Exercise
Check each line of the entries below for the word "Small" and state only how many lines have it.

Records shown
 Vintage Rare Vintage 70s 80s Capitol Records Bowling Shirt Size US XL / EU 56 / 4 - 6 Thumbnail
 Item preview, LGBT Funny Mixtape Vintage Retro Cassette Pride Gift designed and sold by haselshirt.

==

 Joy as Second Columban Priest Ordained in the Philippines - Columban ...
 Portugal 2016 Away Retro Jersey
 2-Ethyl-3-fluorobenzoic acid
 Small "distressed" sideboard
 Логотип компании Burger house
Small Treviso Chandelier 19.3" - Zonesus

--

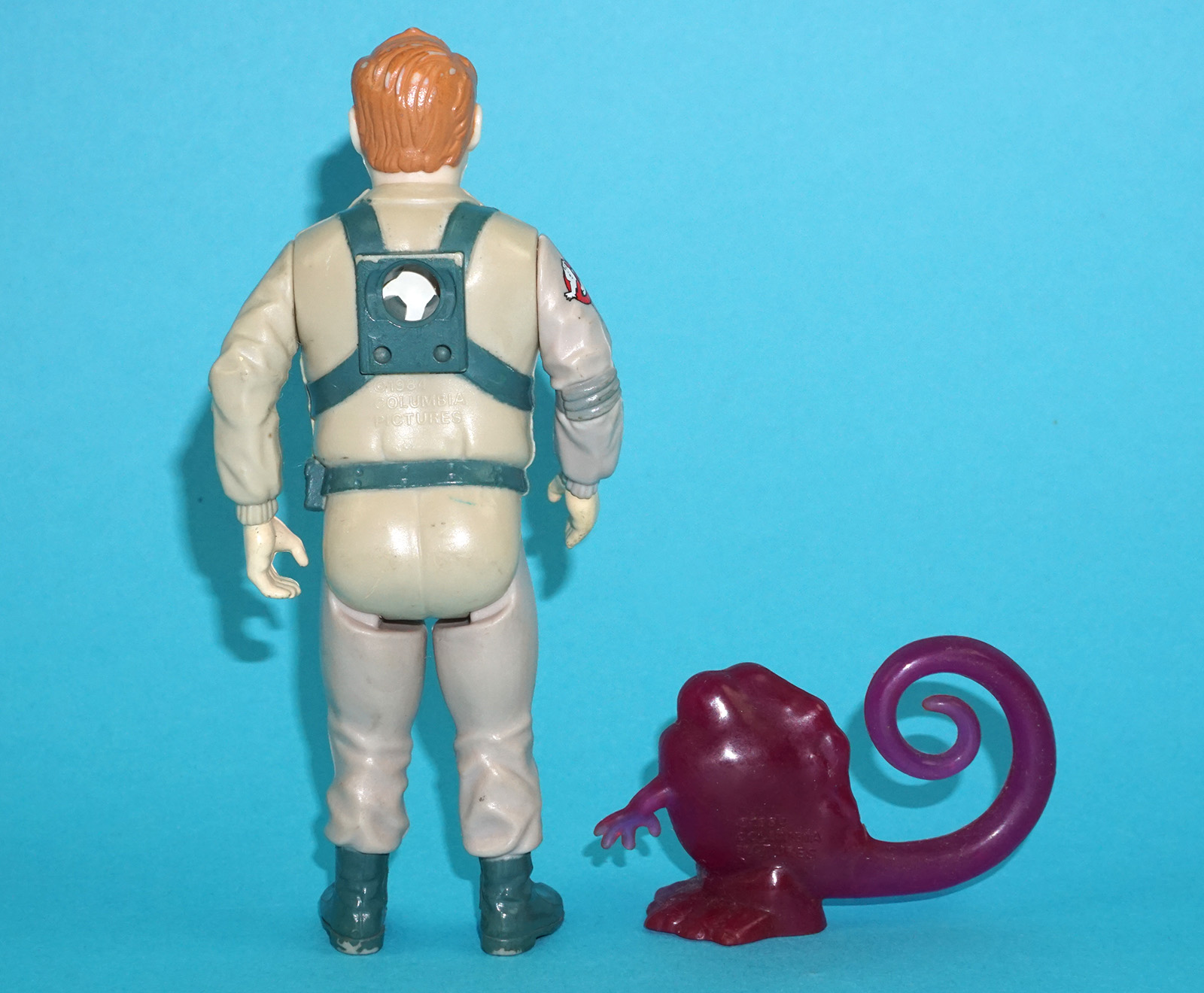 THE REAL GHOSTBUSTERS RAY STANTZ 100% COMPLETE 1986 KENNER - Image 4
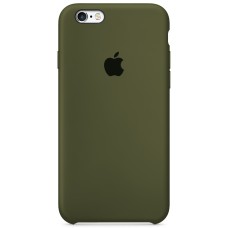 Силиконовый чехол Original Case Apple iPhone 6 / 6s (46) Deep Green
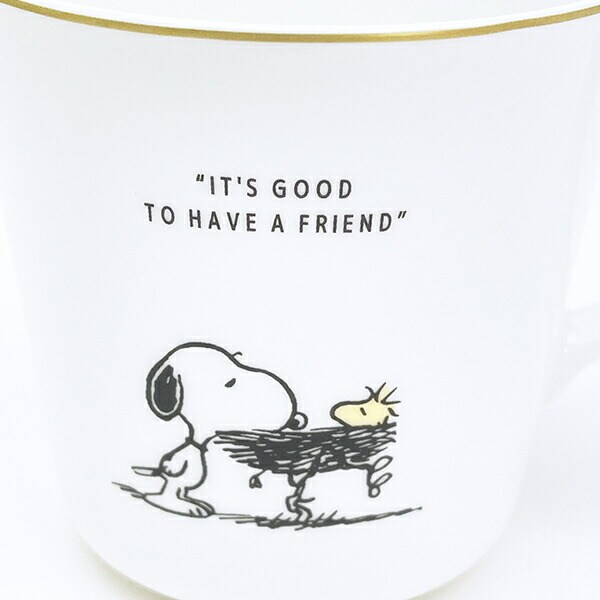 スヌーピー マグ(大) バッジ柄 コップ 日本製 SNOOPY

Written answer
2